Nello stesso procedimento, che riguardava l’appropriazione indebita di 2,4 milioni di euro del Carroccio utilizzati a fini privati nel periodo 2008-2010, erano coinvolti anche i due Bossi: Umberto e Renzo, il figlio del Senatur. Per loro, il giudice ha disposto il non luogo a procedere.

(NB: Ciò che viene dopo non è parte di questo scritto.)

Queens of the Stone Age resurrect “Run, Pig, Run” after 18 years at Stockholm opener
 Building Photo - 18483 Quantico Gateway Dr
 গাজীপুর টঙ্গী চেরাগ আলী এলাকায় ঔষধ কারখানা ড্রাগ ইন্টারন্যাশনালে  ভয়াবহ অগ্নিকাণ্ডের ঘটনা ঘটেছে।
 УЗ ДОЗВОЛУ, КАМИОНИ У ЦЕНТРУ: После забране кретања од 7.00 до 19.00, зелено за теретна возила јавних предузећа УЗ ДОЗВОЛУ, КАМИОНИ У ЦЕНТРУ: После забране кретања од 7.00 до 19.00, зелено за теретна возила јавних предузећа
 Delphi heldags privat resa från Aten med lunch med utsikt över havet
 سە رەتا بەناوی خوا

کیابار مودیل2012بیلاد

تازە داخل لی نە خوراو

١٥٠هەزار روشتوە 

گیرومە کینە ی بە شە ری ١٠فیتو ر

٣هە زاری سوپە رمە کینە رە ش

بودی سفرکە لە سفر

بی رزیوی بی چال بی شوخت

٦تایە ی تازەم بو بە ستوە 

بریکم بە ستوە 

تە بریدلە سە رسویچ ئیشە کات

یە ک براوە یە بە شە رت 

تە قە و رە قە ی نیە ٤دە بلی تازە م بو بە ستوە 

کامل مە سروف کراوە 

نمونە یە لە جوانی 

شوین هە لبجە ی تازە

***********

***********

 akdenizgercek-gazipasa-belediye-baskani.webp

“Un grazie a Salvini e alla Lega che hanno valutato i documenti delle indagini e che hanno visto che le spese a me imputate non sono state pagate dal partito”, così ha commentato la parziale assoluzione Renzo Bossi dal processo. Infatti, il motivo per cui Cornelia Martini, uno dei giudici presenti ieri a Milano, ha deciso di “salvarlo” con suo padre è dovuto al fatto che il partito non aveva di fatto presentato querela nei confronti dei due Bossi, ma solo per Belsito. Inoltre, il governo Gentiloni aveva introdotto una norma che modifica la procedibilità per appropriazione indebita che necessita, appunto, di querela di parte e non prevede la possibilità per il giudice di procedere d’ufficio.
Si tratta di parziale assoluzione perché in realtà, il sostituto procuratore generale Maria Pia Gualtieri aveva chiesto l’estensione della querela anche a Umberto e figlio: “C’è un unico disegno criminale e si estende a tutti gli imputati al di là delle intenzioni del querelante”, questo si legge in un passaggio della requisitoria presentata ieri.